**WHAT THE TASK ASKS**
Write out the listing below in full and exactly, leaving out every picture.

**INPUT DATA**
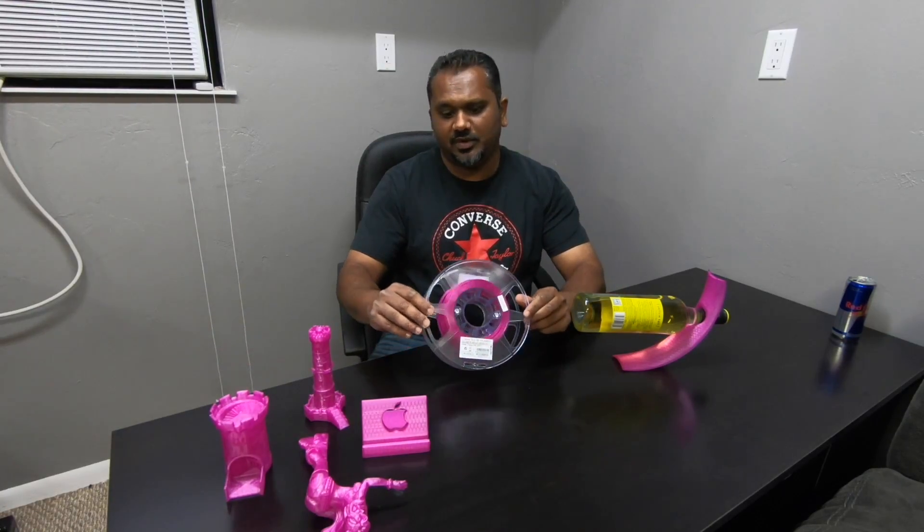Hey everybody, welcome back to another SandTube video. Today we are going to be talking about the eSUN purple glass filament.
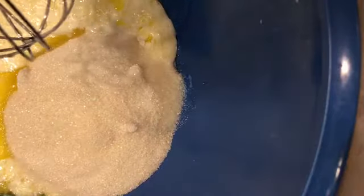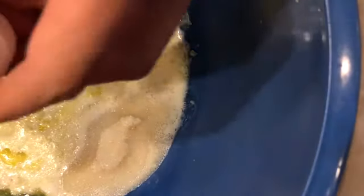For the wet ingredients, melt one stick of butter, add 3/4 cup of milk and 1 cup of sugar. Mix it a little bit, then add 2 eggs.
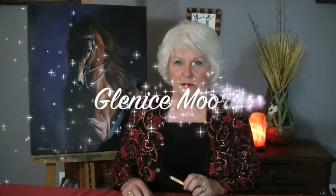Hi, I'm Glenys Moore. I live in the Pacific Northwest and I'm a wildlife artist and teacher. I have searched high and low for the perfect brushes to use with my technique, and I find that the Black Gold Dynasty worked the best.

**SOLUTION FOR THIS EXERCISE**
Hey everybody, welcome back to another SandTube video. Today we are going to be talking about the eSUN purple glass filament.
For the wet ingredients, melt one stick of butter, add 3/4 cup of milk and 1 cup of sugar. Mix it a little bit, then add 2 eggs.
Hi, I'm Glenys Moore. I live in the Pacific Northwest and I'm a wildlife artist and teacher. I have searched high and low for the perfect brushes to use with my technique, and I find that the Black Gold Dynasty worked the best.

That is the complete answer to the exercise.